# Is rafting gay?



## CUkayakGirl (Mar 31, 2005)

That made my day! 
Awesome!


----------



## freexbiker (Jul 18, 2005)

Hahaha hes gettin down on em!


----------



## grandyoso (Aug 20, 2006)

*Marketing*

This is just some lame marketing attempt adidas is using to increase their market share. Thanks for bringing to the forum. It really shows there is a give and take relationship in a paddle boat. 
Have any of you guides out there tried this guys technique?


----------



## GoodTimes (Mar 9, 2006)

I think I saw a couple spanks in there....amateurs, they all have paddles. Situational awareness peeps!! That was friggen hilarious.


----------



## DurangoSteve (Jun 2, 2006)

That was some pretty _disturbing_ imagery. Funny as hell, but _disturbing_.


----------



## mania (Oct 21, 2003)

apparently so.

I think I would rather flip.


----------



## BarryDingle (Mar 13, 2008)

That was graceful....

Next time i'm hung up i'm just gonna start humpin passengers


----------



## Geezer (Oct 14, 2003)

I think I'd rather jump out with that big ole dude trying to hump me. That was some funny shit.


----------



## scooby450 (Dec 4, 2008)

deepstroke said:


> is rafting gay?


....not that there's anything wrong with it.....


----------



## TakemetotheRiver (Oct 4, 2007)

The worst part is they must have been enjoying themselves since the technique wasn't moving the boat.


----------



## Jensjustduckie (Jun 29, 2007)

I wonder if any of them got off....


of the rock that is, or by themselves.


----------



## nmalozzi (Jun 19, 2007)

Wow, yet another reason naked rafting is a bad idea.


----------



## gannon_w (Jun 27, 2006)

By the thread title I thought the original poster was gonna get a serious "pounding" by the rafters...Well there was a pounding going on.

That freaking funny!


----------



## Doubledown (Sep 23, 2008)

I love low water rafting!


----------



## Ture (Apr 12, 2004)

That is the funniest thing I've seen on Mtn Buzz in a long, long time. 

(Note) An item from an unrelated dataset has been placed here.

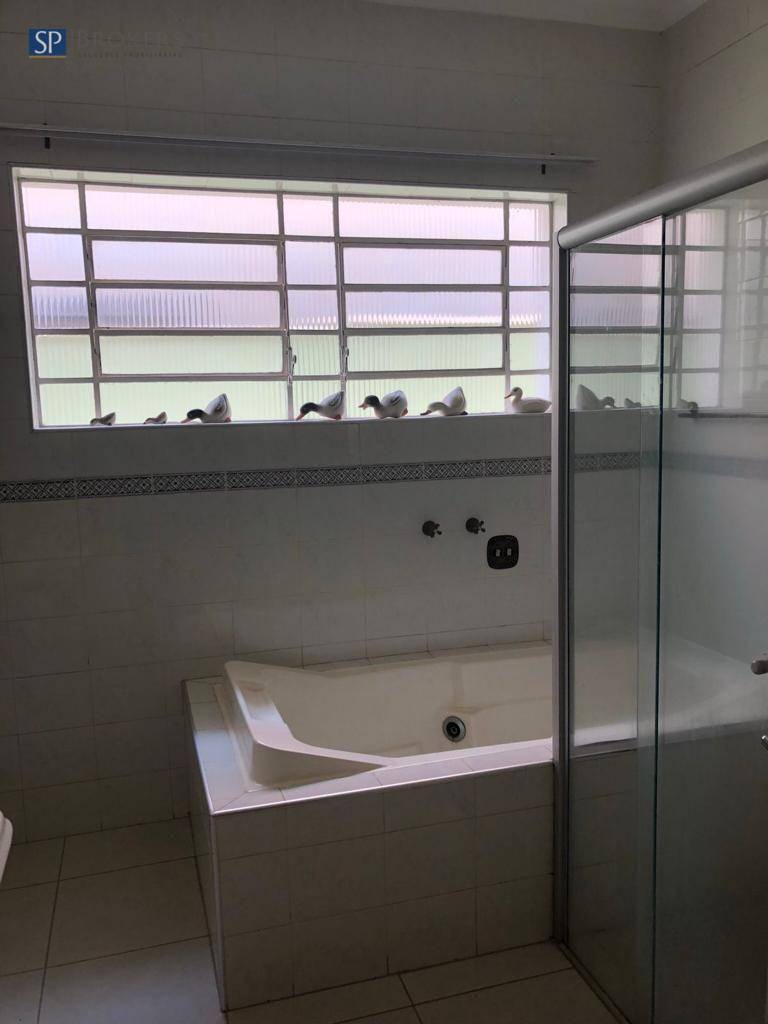 Casa à venda com 4 quartos, 380m² - Foto 25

I bet that little guy on the bottom thought he was in prison.


----------



## Dodgington (Dec 2, 2007)

wow! just wow!


----------



## DurangoSteve (Jun 2, 2006)

I wonder if the *JumboHumper* dude was a Cañon City escapee or just out on work-release? He definitely had the _prison love_ technique perfected... _though it didn't really translate to effective sleeper rock extraction._


----------



## RandyP (Mar 12, 2007)

So in conclusion raftng isn't Gay but some rafters ARE!! Pick your crew carefully!


----------



## COUNT (Jul 5, 2005)

DurangoSteve said:


> I wonder if the *JumboHumper* dude was a Cañon City escapee or just out on work-release? He definitely had the _prison love_ technique perfected... _though it didn't really translate to effective sleeper rock extraction._


Hey, be nice. This guy is a fellow forum-member of yours...I believe he goes by the screenname of "Boofington."


----------



## DurangoSteve (Jun 2, 2006)

Boofington the Nude Dude? No wonder I was emotionally scarred after seeing the video. I think it burned my retinas as well. Holy shit, I need a Schlitz!


----------



## COUNT (Jul 5, 2005)

If the cameraman had have had the presence of mind to throw some turkey legs at the guy's ass (very large target) I bet he could have knocked them off the rock.


----------



## paddlebizzle (Oct 15, 2003)

gannon_w said:


> By the thread title I thought the original poster was gonna get a serious "pounding" by the rafters...Well there was a pounding going on.
> 
> That freaking funny!


Seriously - I groaned when I saw the title and what threads that were unfolding beneath. This is hilarious. I love the Adidas pants.


----------



## pinemnky13 (Jun 4, 2007)

Sticking with my oar rig, or I'll just captian a paddle boat full of women


----------



## SSOWDEN (Apr 29, 2004)

That was great.
I just hope that the boof and grif are back some time so we can all have more laughs.
Merry christmas. 

almost time for folks to fess up, see below.


----------



## tboe101 (May 10, 2005)

I wish I could have seen this one live!


----------



## mazmoto (Sep 15, 2005)

nmalozzi said:


> Wow, yet another reason naked rafting is a bad idea.


AMEN !

P.S. I wonder if they ever got off the rock or did the big guy eat them ?


----------



## mtn_river (Jan 29, 2009)

deepstroke said:


> You decide LiveLeak.com - A Gay Rafting Experience


Interesting way to try and get off, though it doesn't seem to be working. What I do in this type of situation is just have someone step out on the rock and jerk me off, once I get off they just get back in and we keep rafting. Is that gay?


----------



## Ture (Apr 12, 2004)

mtn_river said:


> Interesting way to try and get off, though it doesn't seem to be working. What I do in this type of situation is just have someone step out on the rock and jerk me off, once I get off they just get back in and we keep rafting. Is that gay?


Which part?


----------



## freexbiker (Jul 18, 2005)

mtn_river said:


> and jerk me off, once I get off they just get back in and we keep rafting. Is that gay?


 You tell me...


----------



## Ture (Apr 12, 2004)

freexbiker said:


> You tell me...


The part where they ride in a raft?


----------



## freexbiker (Jul 18, 2005)

The part where the one guy gets out and helps him jerk off...


----------



## yarmonymatoid (Nov 5, 2008)

We still don't know how he gets off the rock, once he's done getting jerked off? I'm never going to look at the big rocks in the middle of the river the same way...


----------



## augiethedude (Sep 1, 2008)

To be completly PC here .... yes rafting like this (video) is "disappointing on some level of reasonable expectation" ( read GAY)


----------